Not at all, and I have come to actually feel quite under siege, as no matter which orientation within the sexual spectrum, they can end wanting to rub it in the faces of others (not saying all do). It is to the point that when I look at a rainbow, I have to fight a trigger and tell myself that it is a rainbow, it has nothing to do with sex, that's just what humans have started to use it for, but it has destroyed part of my enjoyment of just taking in the natural beauty of a rainbow.

 

Life has been a string of traumas for me as an asexual. I did not start out sex repulsed, just sex avert, but also of course as I for most of my life did not even know I wasn't 'faulty', with all the guilt and beating my self worth over it that came along with that assumption - it was a tough journey. I do believe in raising awareness, but I just feel it is done so loud and aggressive, often it appears more to me that people rather want to trigger the sensitivities of others, than to actually seek discourse, understanding and acceptance.

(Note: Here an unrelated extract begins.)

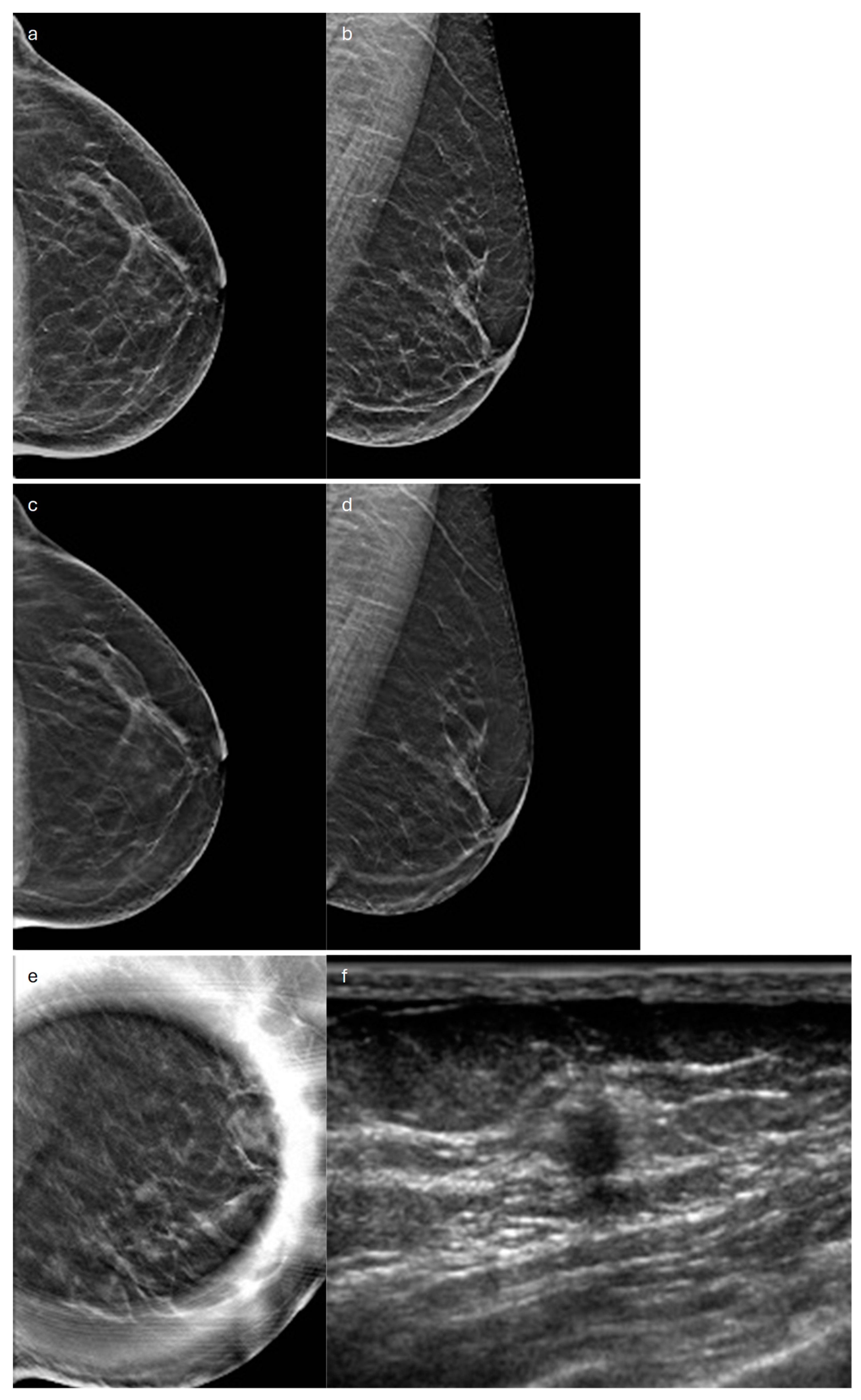 Jimaging 10 00182 g003
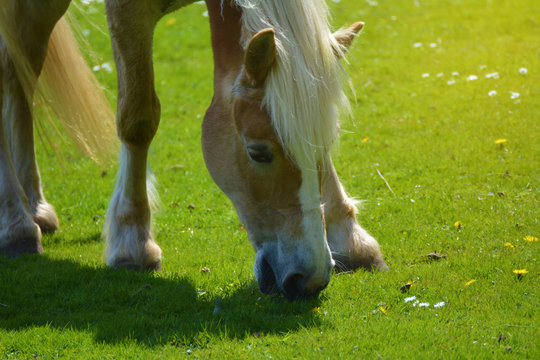 Close up on a horse on a meadow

I feel pride parades fall into that for me. It comes over to me as provocation, not actual celebration of new acceptance and the striving for a better, more inclusive humanity.

 

I don't wish to step on the toes of those who find those parades great, love to partake in them and will no doubt argue they are super important, I really really don't, but I often feel our quiet voices are drowned out, and that many do not wish to take possible sensitivities of others into account as they collide with their own desires. I think everyone has a right to their sexuality, everyone within the realm of consent shall do what makes them happy, but I don't feel I have consented to the constant drumbeat pounding in my ears, the constant visuals everywhere, claiming colours or symbols as their own, without regards for those who may also have association with such colours and symbols, not related to sex. Same goes for works of literature and characters of literature, that are suddenly discussed in terms of sexual orientation, demands for characters to aggressively portray a sexual orientation, instead of focussing on other aspects of stories. It is ok to do all that in private settings, among same minded, but why having to confront everyone else with it all the time?

 

It is making my life a walk in a mine field, and also leading me to recluse more and more away from all humanity, but again, I do not mean this as an attack, just maybe a nudge to think about how all of this can come to affect those who have not consented to be part of it, but find it hard to escape.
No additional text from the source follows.